The Wikisource process has already been used to make some texts of interest to the legal community freely accessible online. Indeed, Wikisource now hosts some texts that are not yet freely available anywhere else, such as key portions of the legislative history for the landmark Copyright Act of 1976.[143] In an ongoing experiment to use the site to expand the availability of historical materials, the present author made over 70,000 pages of scanned images (taken mostly from the Library of Congress’s outstanding American Memory project[144]) and raw OCR text, representing the first forty-three volumes of the United States Statutes at Large,[145] available for proofreading and correction on Wikisource. At the time of this writing, all the public and private laws and resolutions of the First United States Congress, which sat in three sessions from March 4, 1789 to March 3, 1791, have been proofread and made publicly available by users of the site.[146] Other selected statutes and proclamations within the scanned collection have also been proofread by users with an interest in particular issues or periods in American legal history.[147] The material proofread to date represents a very small fraction of the full dataset comprising the early volumes of the Statutes at Large.[148] Nevertheless, sufficient progress has occurred so far to at least demonstrate the viability of crowdsourced proofreading of legal texts, specifically works that would be unlikely to be included at Distributed Proofreaders.[149]Wikisource can also serve as a repository for legal scholarship that meets the site’s inclusion criteria—thus potentially bringing together scholarship and primary source materials in a way not presently replicated by any other open-access repository.[150]

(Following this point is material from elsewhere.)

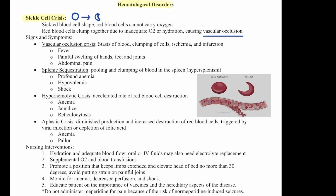They can have hyperhemolytic crisis, which is an accelerated rate of red blood cell destruction. This can look like anemia, jaundice, and reticulocytosis. They can also have aplastic crisis — diminished production and increased destruction of red blood cells triggered by a viral infection or depletion of folic acid, which leads to anemia and pallor.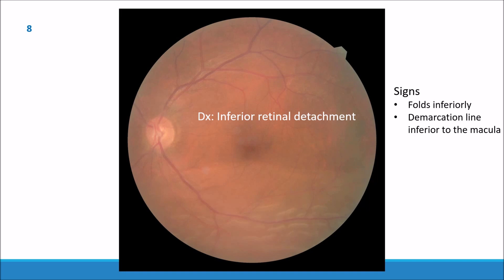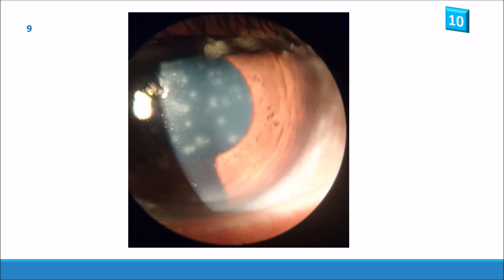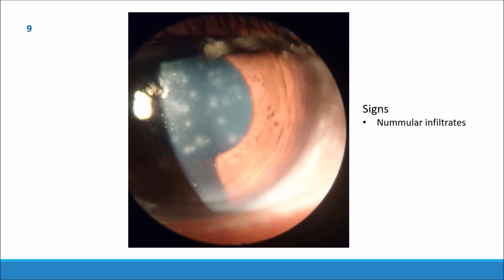Second to last slide. So there are multiple opacities scattered around the cornea called nummular infiltrates. Nummular by definition means round or resembling a coin. These nummular infiltrates make this a textbook viral keratoconjunctivitis.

By virtue of its design, Wikisource comports with many (although certainly not all) of Professor Ian Gallacher’s proposed design standards for open-access archives of primary legal source materials.[151] Wikisource’s collection is universally accessible worldwide. It can be presented in a variety of formats (or downloaded freely and further processed to meet a user’s specific presentation needs), and its contents are open to indexing by Google or other standard search engines. The output format of any work hosted on Wikisource is an XHTML web page, an open vendor-neutral format that nevertheless enables preservation of a great deal of the original work’s formatting. When viewing any page within Wikisource (or any of the other Wikimedia Foundation wikis, such as Wikipedia), using the “View Page Source” function within one’s web browser will indicate, in the <DOCTYPE> declaration on the first line of the page source, the type of document being viewed. </ref> The Wikimedia Foundation’s globally distributed server architecture yields adequate response speeds in ordinary use. The site offers permanence in the form of downloadable snapshots of the full database as it existed at various points in time; if Wikisource itself were to ever go offline (for example, if WMF were ever to become insolvent), the content of the site (except for the most recent edits) could be swiftly restored by anyone with a mirror copy of the most recent database dump.[152] A citator of sorts is available from the “What Links Here” link on every page of any WMF wiki, and the entire project is open to public development and maintenance.[153]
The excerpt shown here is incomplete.